### Directions for this task
Your task is to return the listing below word for word, without any of its images.

### Source material
┌────────

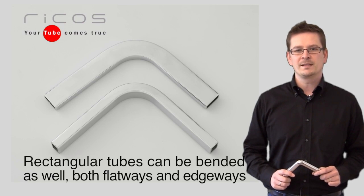Rectangular tubes can be bent as well, both flat ways and edge ways.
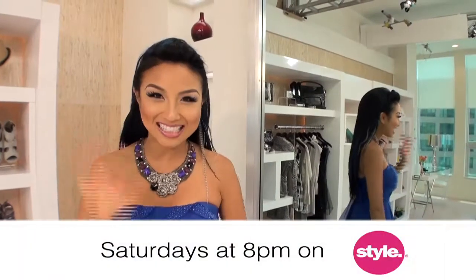It's the season for prom! Friends, it's Jeannie Mai on set of my show, How Do I Look?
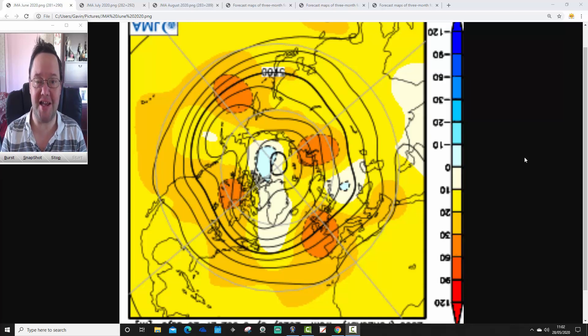Hello everyone, welcome back. Today's first video is going to have a look at the JMA free monthly forecast, taking us through June, July and August — a summer 2020 look ahead with the JMA.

└────────

### Problem solution
Rectangular tubes can be bent as well, both flat ways and edge ways.
It's the season for prom! Friends, it's Jeannie Mai on set of my show, How Do I Look?
Hello everyone, welcome back. Today's first video is going to have a look at the JMA free monthly forecast, taking us through June, July and August — a summer 2020 look ahead with the JMA.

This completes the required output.